## What this task involves
A faithful copy without images is required: write out all the records exactly.

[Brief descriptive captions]
+-------+

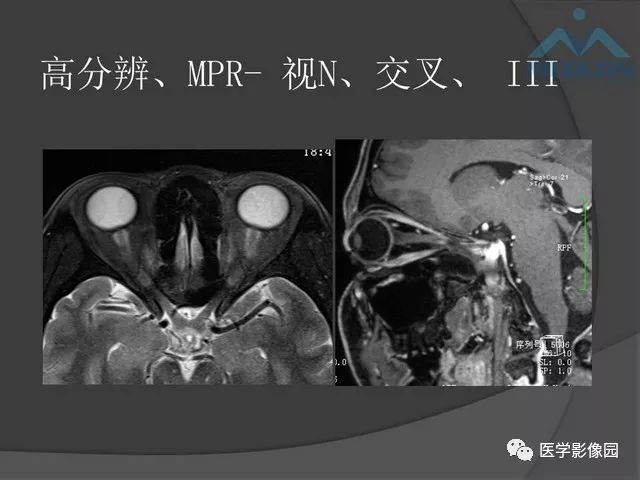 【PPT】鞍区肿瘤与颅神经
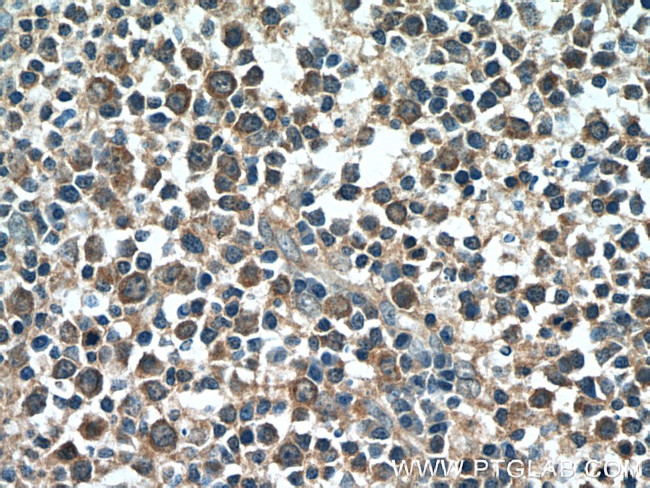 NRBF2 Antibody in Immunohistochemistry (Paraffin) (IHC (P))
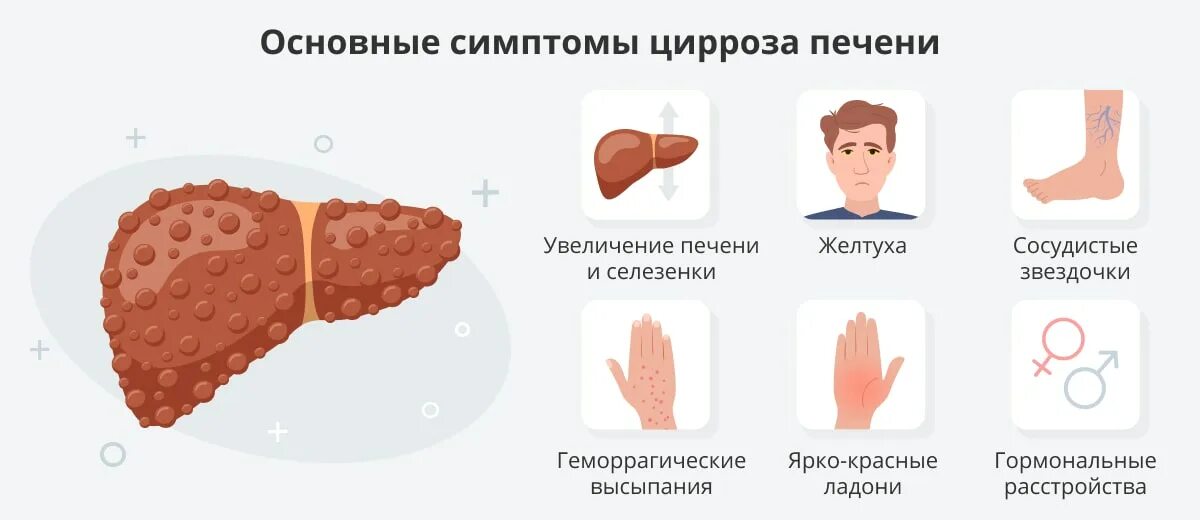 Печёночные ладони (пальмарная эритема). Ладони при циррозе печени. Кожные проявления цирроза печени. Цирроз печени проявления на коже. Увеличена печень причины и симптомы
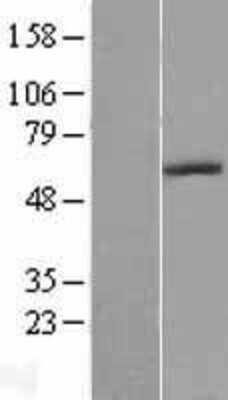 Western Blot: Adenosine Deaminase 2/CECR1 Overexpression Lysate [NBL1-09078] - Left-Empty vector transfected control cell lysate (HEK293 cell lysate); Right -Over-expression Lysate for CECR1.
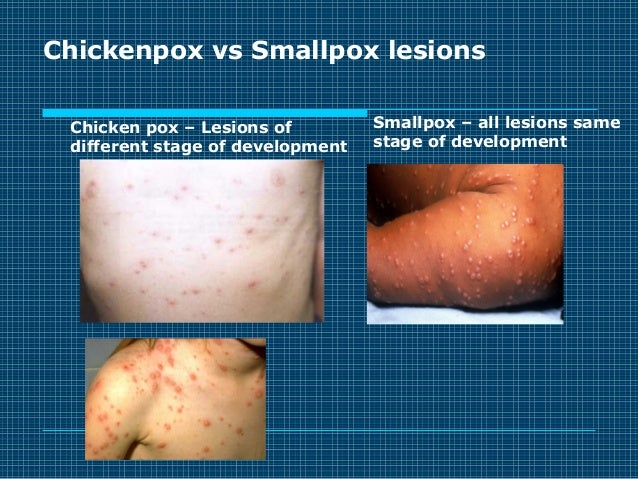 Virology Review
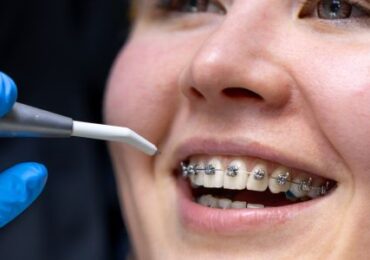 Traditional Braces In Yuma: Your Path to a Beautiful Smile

+-------+

## Written response
 【PPT】鞍区肿瘤与颅神经
 NRBF2 Antibody in Immunohistochemistry (Paraffin) (IHC (P))
 Печёночные ладони (пальмарная эритема). Ладони при циррозе печени. Кожные проявления цирроза печени. Цирроз печени проявления на коже. Увеличена печень причины и симптомы
 Western Blot: Adenosine Deaminase 2/CECR1 Overexpression Lysate [NBL1-09078] - Left-Empty vector transfected control cell lysate (HEK293 cell lysate); Right -Over-expression Lysate for CECR1.
 Virology Review
 Traditional Braces In Yuma: Your Path to a Beautiful Smile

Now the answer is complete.